▶ _DATASET ENTRIES_:
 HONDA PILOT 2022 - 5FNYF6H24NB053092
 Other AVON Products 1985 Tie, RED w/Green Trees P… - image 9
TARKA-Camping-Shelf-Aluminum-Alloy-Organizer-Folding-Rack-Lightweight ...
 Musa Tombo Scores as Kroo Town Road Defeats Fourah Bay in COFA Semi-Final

---

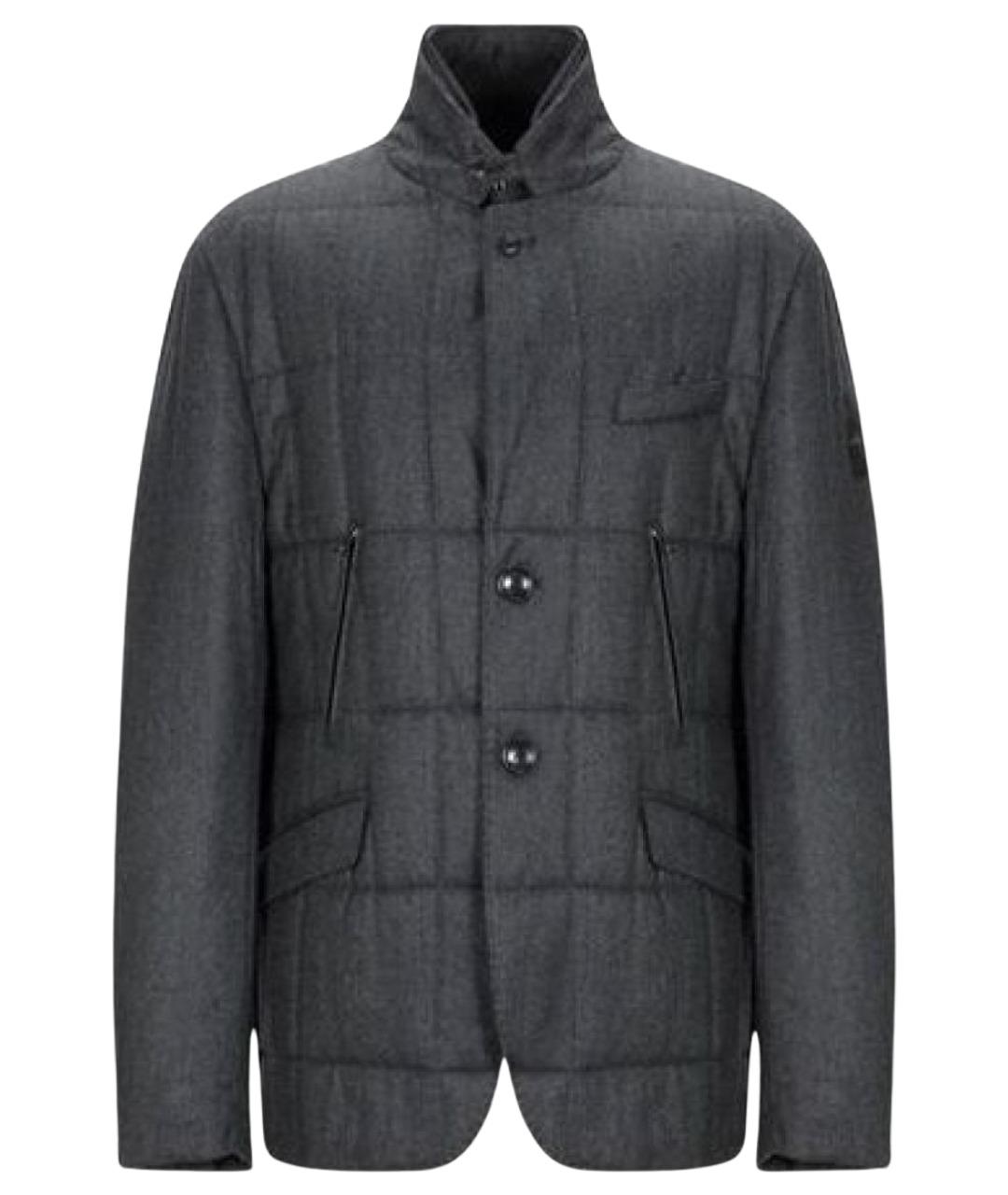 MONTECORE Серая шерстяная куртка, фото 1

...

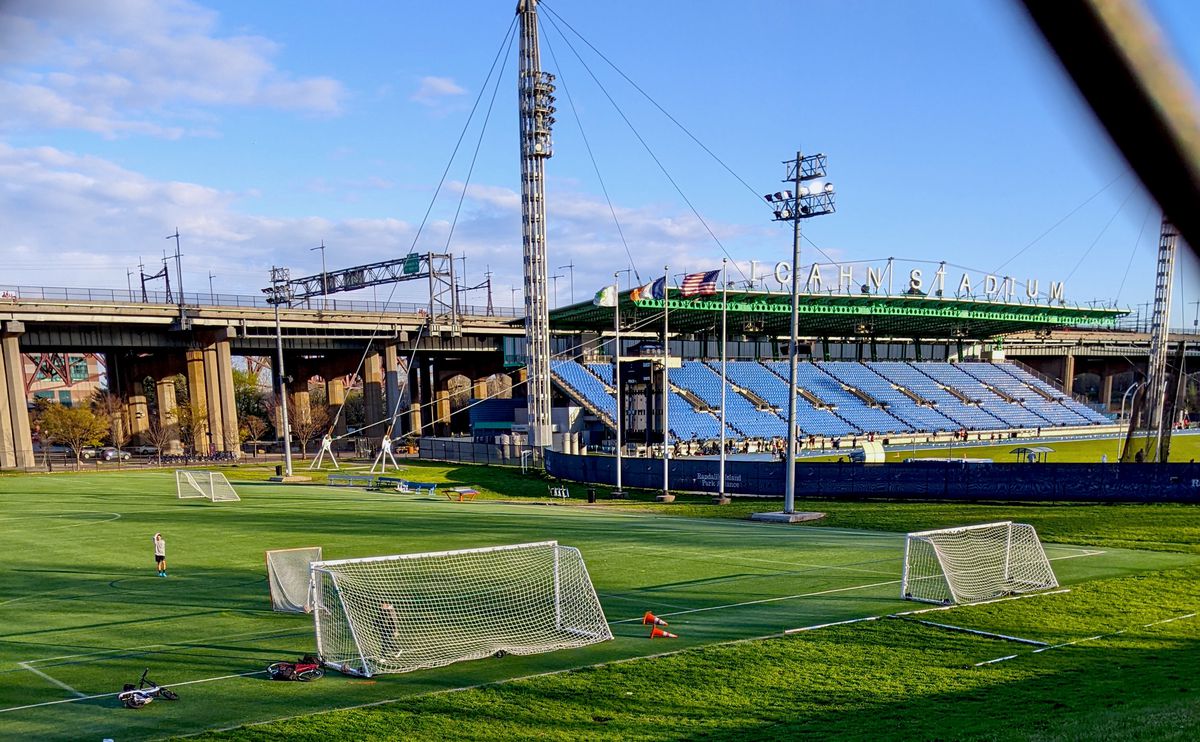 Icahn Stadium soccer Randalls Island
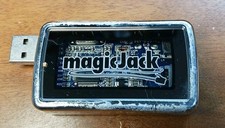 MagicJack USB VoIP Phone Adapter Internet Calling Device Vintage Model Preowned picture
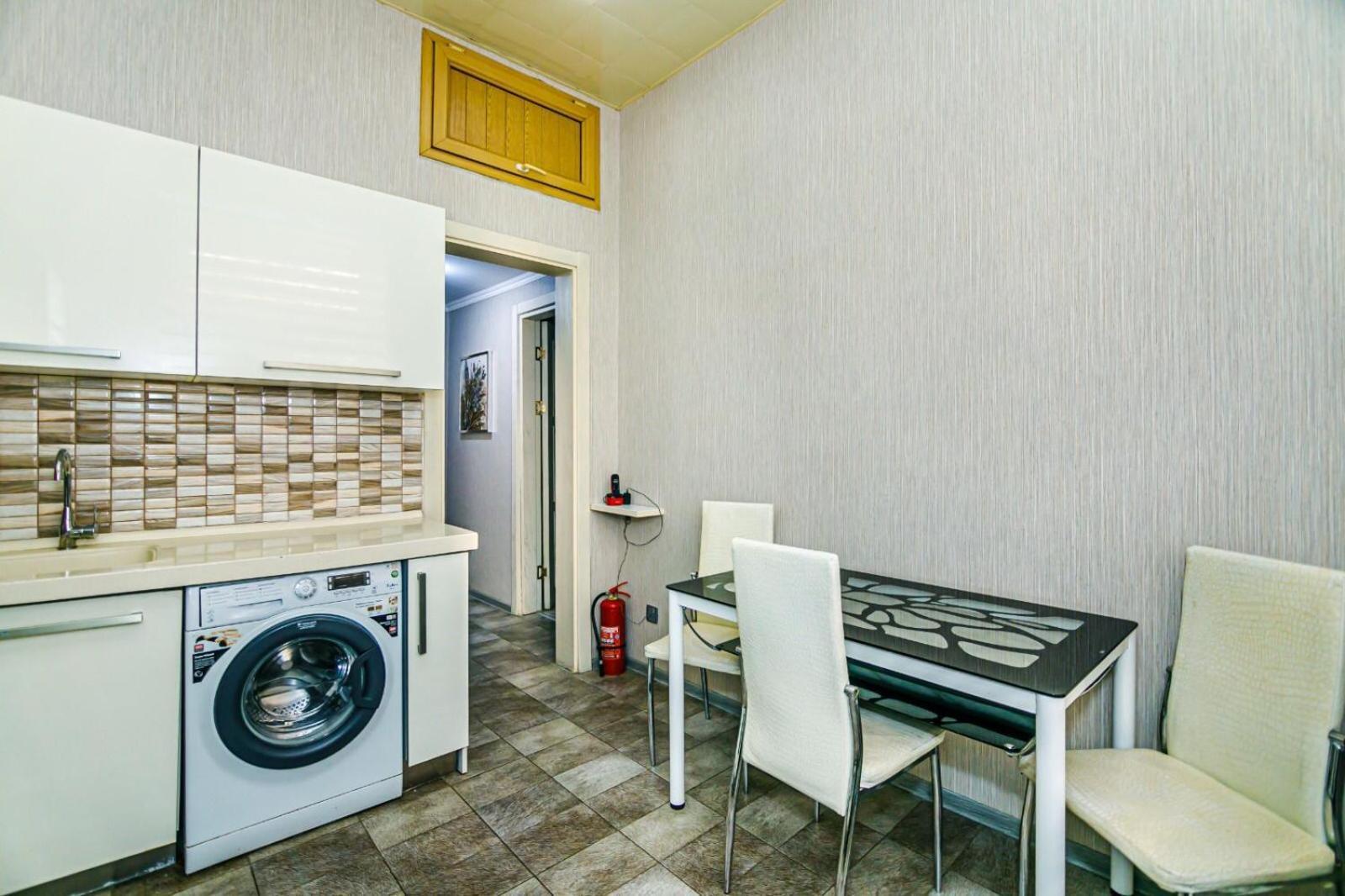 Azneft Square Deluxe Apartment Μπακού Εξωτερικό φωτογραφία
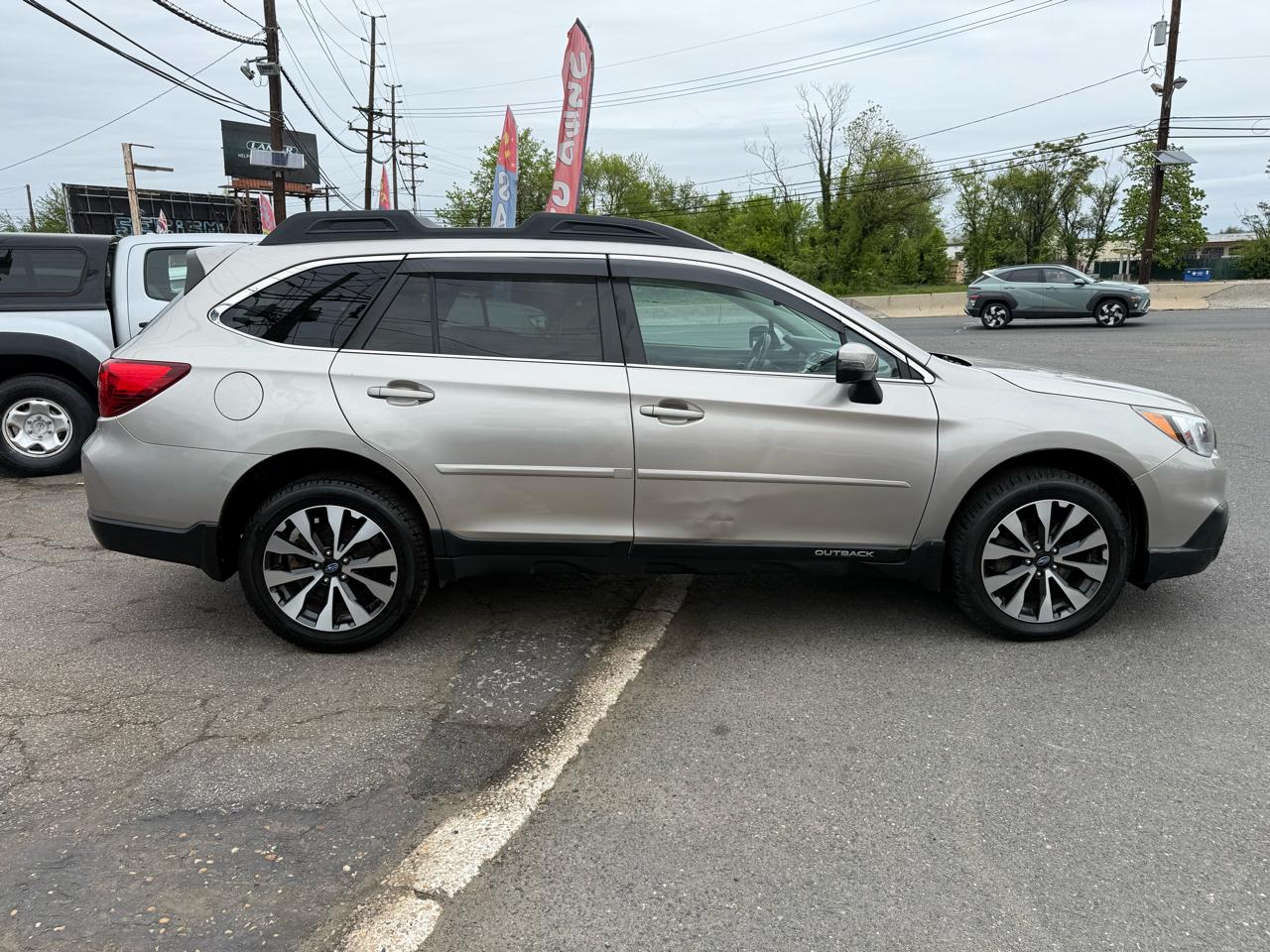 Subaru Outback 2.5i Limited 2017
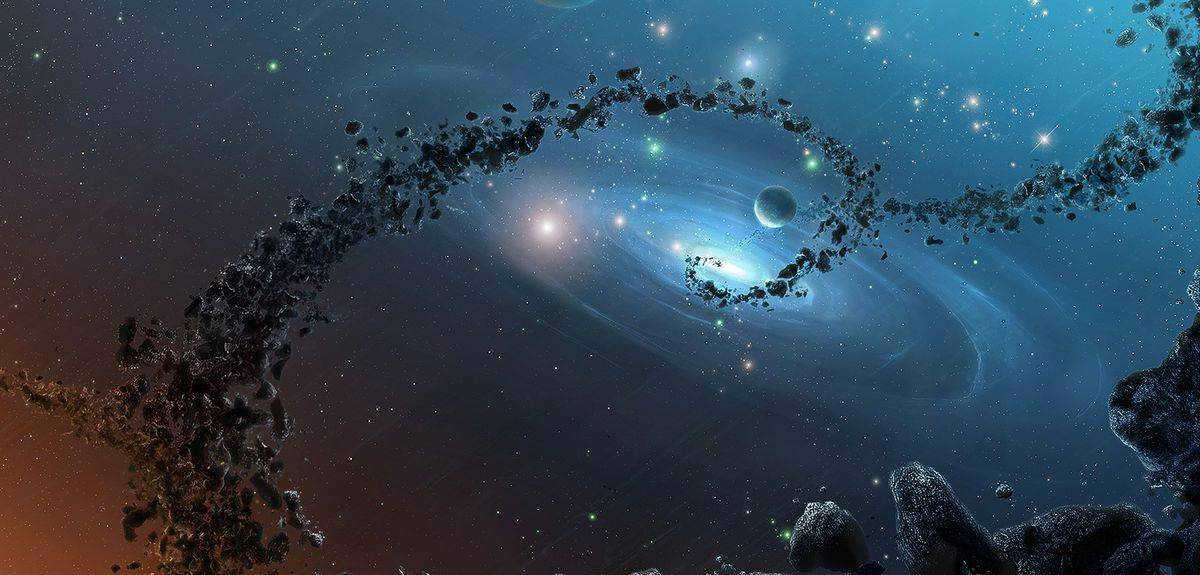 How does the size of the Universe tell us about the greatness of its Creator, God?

▶ _WHAT IS EXPECTED_:
Using the data above, return the lines from the one holding "Icahn Stadium soccer Randalls Island" through the one holding "How does the" exactly, but not the pictures.

▶ _SOLUTION BELOW_:
 Icahn Stadium soccer Randalls Island
 MagicJack USB VoIP Phone Adapter Internet Calling Device Vintage Model Preowned picture
 Azneft Square Deluxe Apartment Μπακού Εξωτερικό φωτογραφία
 Subaru Outback 2.5i Limited 2017
 How does the size of the Universe tell us about the greatness of its Creator, God?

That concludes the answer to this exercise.